Acrobat has been able to do Optical Character Recognition (OCR) for years, but the quality of the OCR depends on the quality of the scan and other features. It's 2011 and OCR still tends to get most things wrong. PDFs using scans tend to be excessively large, and OCR makes them larger because it simply adds a layer over the original scans.
When I drowned my copies of SOTA64 and Shadows of Europe, I took it upon myself to scan them because it seemed like a good idea, and I was using them often. It was a pain to try and leaf through these books. So I made a PDF of them, and tried OCR. It was a catastrophic failure. Of course, this was years ago. OCR has supposedly gotten better, but I've tried it with those scans since, and other books (since the scans were of warped pages), and I've never had much luck. Although to be fair it also takes a while, and I've never had the patience after the first few pages just fail.

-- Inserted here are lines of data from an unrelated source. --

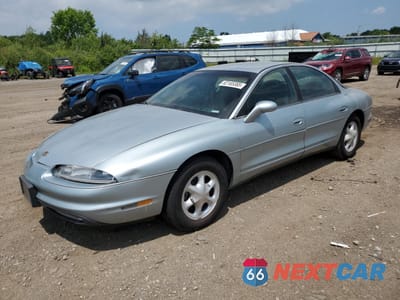 1997 OLDSMOBILE AURORA 1G3GR62C0V4108195 - główne zdjęcie licytacji z USA - miniatura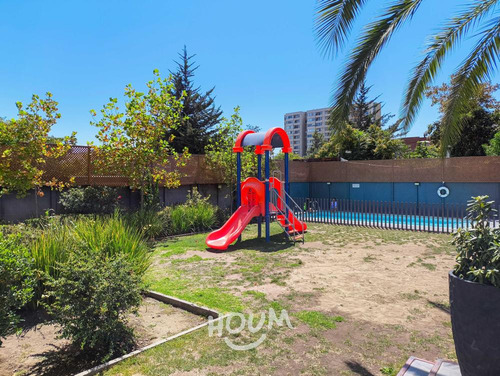 Departamento Vicuña Mackenna Id: 89977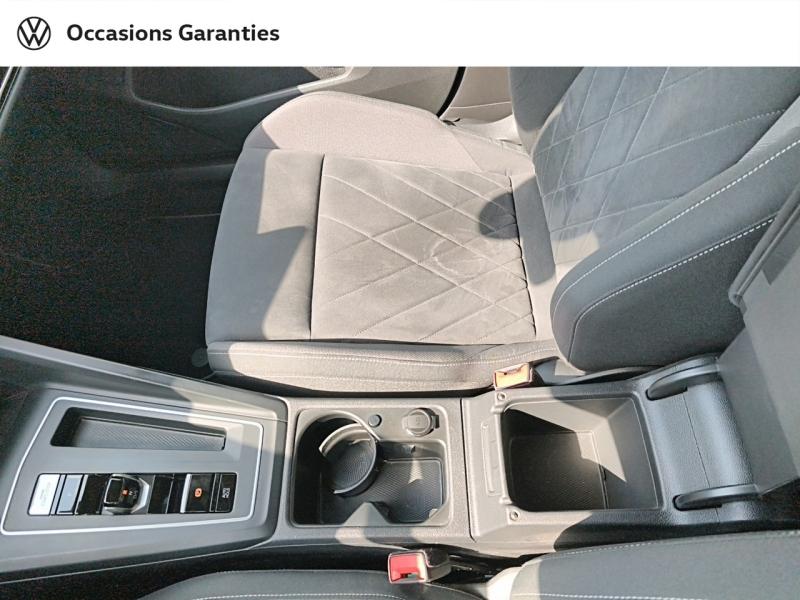 Voitures occasions VOLKSWAGEN GOLF Style 1st Rivery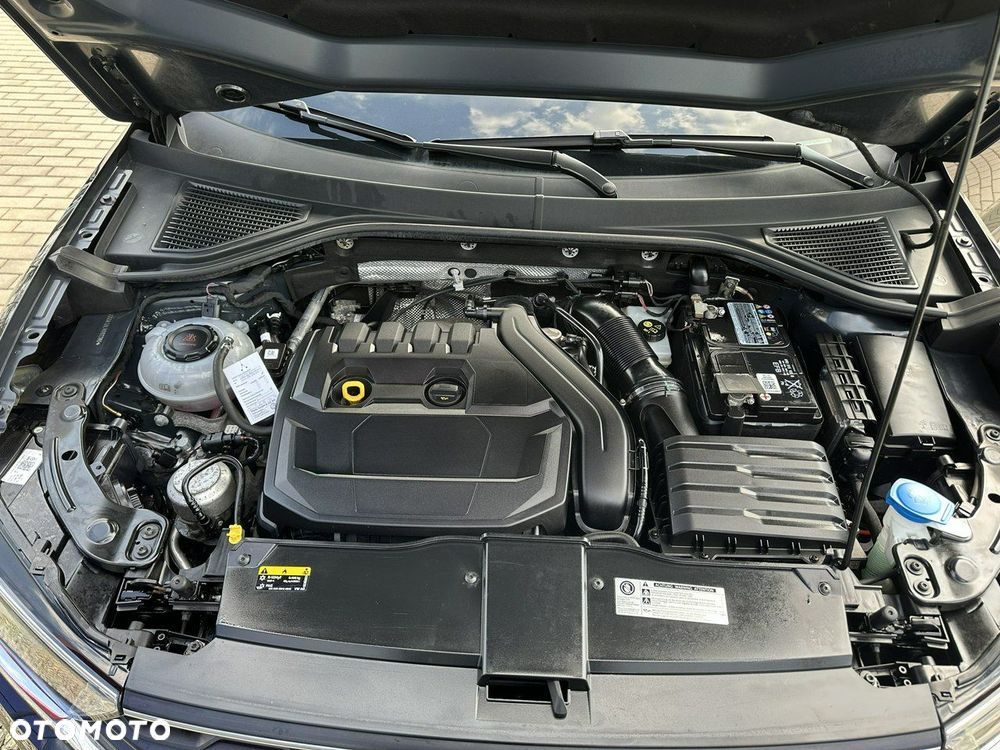 Volkswagen T-Roc 1.5 TSI ACT OPF - 36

The better idea is to get the original text and art and redo the layout directly into PDF. The problem is that it takes forever, and Catalyst is running short on layout folks. There is also the matter of getting the original files, which aren't always available. But Wyrm's right. Searchable PDFs are great, would be swell for older books, and there is definitely a need and desire for them among the freelancers and the customers. It is a godsend that Portfolio of a Dragon is one of the books they recompiled for PDF.